Il faut noter que ces photos avaient un poids considérable dans cette cause puisqu'elles constituaient le principal élément de preuve dont disposait la poursuite pour démontrer la présence de l'accusé sur les lieux de la présumée infraction. La poursuite tenait d'autant plus à ces photos qu'une certaine jurisprudence avait établi que la simple présence de l'accusé sur les lieux d'un attroupement illégal équivalait à une participation à l'infraction. Pour sa part, la défense plaida que la jurisprudence avait établi que les policiers ne pouvait contraindre un prévenu à fournir une preuve incriminante - en l'occurrence, une photo de lui-même - avant que celui-ci n'ait exercé son droit à communiquer avec un avocat.

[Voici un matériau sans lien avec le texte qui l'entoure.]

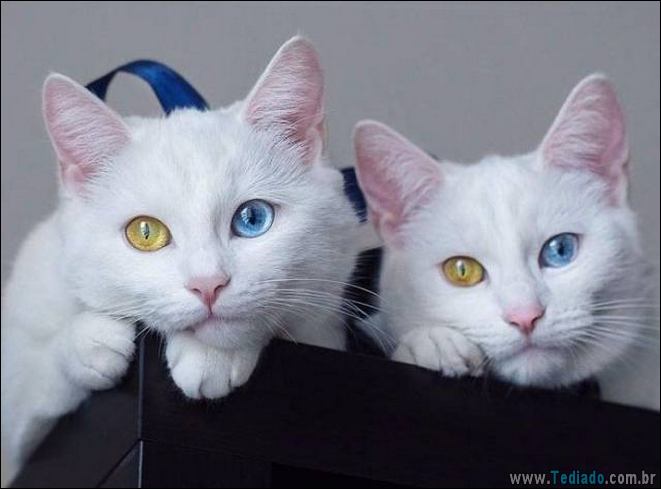 É mais do que apenas uma foto (41 fotos) 31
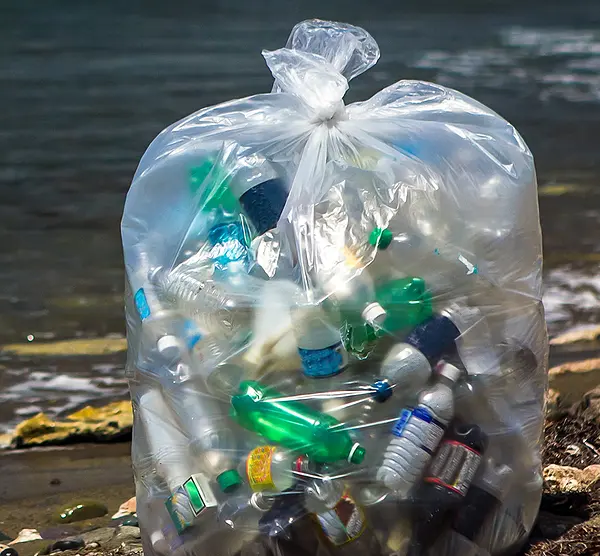 Trash bag in ocean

Au début de la deuxième journée du procès, le juge Schachter annonça qu'il prenait la requête en délibéré. La poursuite a alors pu procéder à l'audition de sa preuve. Au moment de l'ajournement de la cause, la défense en était encore à contre-interroger le second témoin de la poursuite, soit le commandant Tourigny, de sorte que la cour dû fixer de nouvelles dates pour continuer le procès l'année suivante, au mois de juin 2004.

Le 4e procès réunissait huit accusés et débuta les 15, 16 et 17 décembre 2003 devant le juge Pierre D. Denault. Le seul accusé qui était représenté par un avocat demanda au tribunal de remettre l'audition de son procès à une date ultérieure, ce qui lui fut accordé. Un autre accusé préféra en finir avec sa cause en acceptant de se soumettre à un engagement en vertu de l'article 810. Ces changements portèrent le nombre d'accusés à six, dont seulement la moitié était présents devant le juge Denault à l'ouverture du procès. Le tribunal décida toutefois de ne pas émettre de mandat d'arrestation, et conclua simplement que les accusés absents avaient tacitement renoncé à leur droit d'être présent à leur procès.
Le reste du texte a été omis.